Pensions Investment Research Consultants Ltd., the U.K. corporate governance advisers, urged Barclays shareholders on April 10 to oppose the pay package because it provided “rewards for failure.” Barclays said in February it may fail to hit its 13 percent target for ROE by 2013 after it fell to 6.6 percent in 2011.
‘Humiliating for Barclays’
“This vote is humiliating for Barclays and will cement its reputation as a bank that just doesn’t get it when it comes to concerns about excessive pay,” Alan MacDougall, managing director of PIRC, said in a statement after the result. PIRC advises investors with about 1.5 trillion pounds of assets.
Diamond and Finance Director Chris Lucas last week agreed to cut their deferred bonuses for 2011 until the bank improves profitability in an effort appease investors. The concession is worth about 11 percent of Diamond’s 12 million-pound compensation for last year.
Diamond got as much as 6.3 million pounds in salary, bonuses and stock awards for 2011 as well as a 5.75 million-pound contribution toward his personal tax bill.

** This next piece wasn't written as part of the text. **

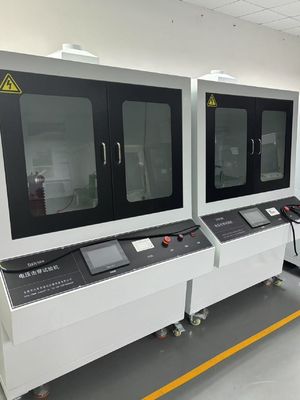 Plastik Silikon Cam Gerilim Dayanım Test Cihazı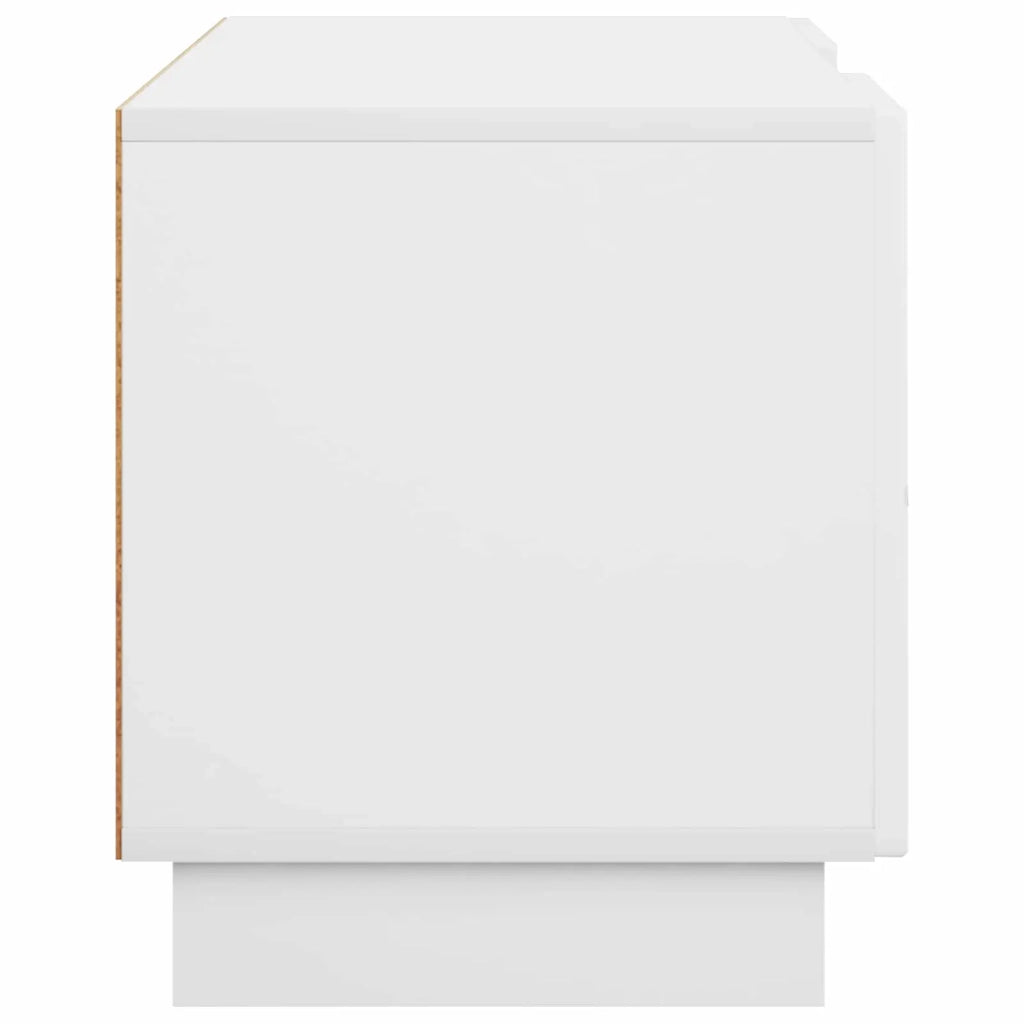 Supporto TV 90 x 34.5 x 40 cm Bianco Legno ingegnerizzato 8011477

“It is not an option to pay zero bonuses unilaterally,” Agius said today. Barclays has “very talented people we have to reward,” he said. “We have not done a good enough job in articulating our case,” Agius told investors today. “For this I apologize, and I assure you that in the future we will be engaging differently and more purposefully with shareholders.”
Barclays rose 4.7 percent to 223.1 pence in London trading today, for a market value of about 27 billion pounds. The stock has climbed 27 percent this year, making it the best performer among Britain’s five biggest banks.
“We are five years into the credit crisis and we are still having this debate,” said Bruce Packard, an analyst at Seymour Pierce Ltd. in London with a hold recommendation on Barclays. “The management are making all the right noises, but their actions suggest they are living on a different planet.”